Model comparison (same held-out Hinglish set, n=225, same decode + scorer)

Model	Params	Accent ↑	SECS ↑	Tail ↓
XTTS-Hinglish-443M	443M	0.861	0.855	4.9%
XTTS-Hinglish-265M	265M	0.831	0.860	6.7%
XTTS-Hinglish-90M (this)	89.96M	0.820	0.851	4.4%
Kokoro-82M	82M	0.886*	n/a**	n/a

* Kokoro's accent (English-word recall) is favoured by its English-primary design. ** Kokoro uses its own single voice (no target-voice cloning) and is not code-switch tuned, so SECS does not apply. The point of this row: a generic 82M TTS does not deliver fixed-voice Hindi-English code-switch; this 90M model does, at the 265M teacher's quality.

Certification (held-out n=225, paired vs the 265M teacher, bootstrap 95% CI + TOST)

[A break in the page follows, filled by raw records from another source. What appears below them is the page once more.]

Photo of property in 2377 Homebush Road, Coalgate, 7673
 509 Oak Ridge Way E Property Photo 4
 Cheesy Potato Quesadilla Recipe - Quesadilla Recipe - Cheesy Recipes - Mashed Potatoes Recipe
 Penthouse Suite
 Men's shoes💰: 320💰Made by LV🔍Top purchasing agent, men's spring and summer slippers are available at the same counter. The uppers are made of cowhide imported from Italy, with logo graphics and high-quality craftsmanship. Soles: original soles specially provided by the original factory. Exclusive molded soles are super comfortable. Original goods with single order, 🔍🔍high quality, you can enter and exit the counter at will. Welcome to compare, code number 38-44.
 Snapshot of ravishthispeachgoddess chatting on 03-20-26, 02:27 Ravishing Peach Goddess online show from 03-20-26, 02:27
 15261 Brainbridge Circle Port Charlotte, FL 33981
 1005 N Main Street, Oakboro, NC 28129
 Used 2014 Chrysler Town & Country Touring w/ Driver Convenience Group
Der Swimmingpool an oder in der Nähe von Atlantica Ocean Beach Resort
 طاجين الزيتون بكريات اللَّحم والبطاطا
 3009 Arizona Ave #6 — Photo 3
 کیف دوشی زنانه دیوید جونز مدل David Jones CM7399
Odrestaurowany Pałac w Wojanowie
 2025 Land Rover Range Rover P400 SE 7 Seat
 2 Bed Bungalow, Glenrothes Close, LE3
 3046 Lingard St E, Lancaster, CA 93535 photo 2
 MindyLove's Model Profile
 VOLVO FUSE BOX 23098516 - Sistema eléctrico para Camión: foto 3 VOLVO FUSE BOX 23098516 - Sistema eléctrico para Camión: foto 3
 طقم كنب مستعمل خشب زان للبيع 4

axis	this 90M	265M teacher	delta	95% CI
code-switch accent	0.820	0.831	-0.011	[-0.038, +0.016]
voice fidelity (SECS)	0.851	0.860	-0.009	[-0.014, -0.003]
runaway-tail rate	4.4%	6.7%

Accent is statistically even (delta -0.011) and SECS passes non-inferiority, with a lower failure tail than the teacher. A 3x smaller model at the same code-switch quality.

How it was built

Structured width-prune, staged: d=1024 -> d=768 -> d=640, with a distillation-recovery pass between each cut. A one-shot d=1024 -> 640 cut failed (the model stopped following text); the staged route, with each student initialized from the recovered intermediate, reached parity. Heads 16 -> 10 (head_dim 64 kept), FFN 4096 -> 2560, 16 layers.
Fixed-voice specialization: the speaker encoder + perceiver are dropped; 4 voices are baked (32x640 conditioning latents + a 512-d vocoder d-vector each). A learned 640 -> 1024 adapter feeds the frozen base XTTS HiFi-GAN.
Multi-signal distillation from the 265M teacher (code CE + logit-KL + latent MSE/cos), then RFT on the model's own best rollouts to suppress the runaway tail and lock code-switch faithfulness.

Usage

pip install coqui-tts soundfile
python inference.py --voice maya --text "आज office में एक important meeting है तो मैं busy रहूँगा" --out out.wav

The frozen HiFi-GAN vocoder, tokenizer, and DVAE come from the public base XTTS-v2 (auto-downloaded by coqui-tts on first run). Only the 90M GPT + adapter + baked voices are in student640b_rft.pt.

Notes

Write Hindi in Devanagari, English in Latin, language tag "hi". Spell numbers as words.
Chunk text over ~150 characters.
Greedy decoding with repetition_penalty≈1.3 is the most faithful.

Files

student640b_rft.pt — the 90M GPT + 640->1024 adapter + 4 baked voices
student640.py — the model definition (structured slicing, Student640, build_student_gpt)
inference.py — self-contained inference

UTMOS is English-MOS-trained and used here only as a relative not-degraded-vs-teacher signal, not an absolute Hinglish naturalness score.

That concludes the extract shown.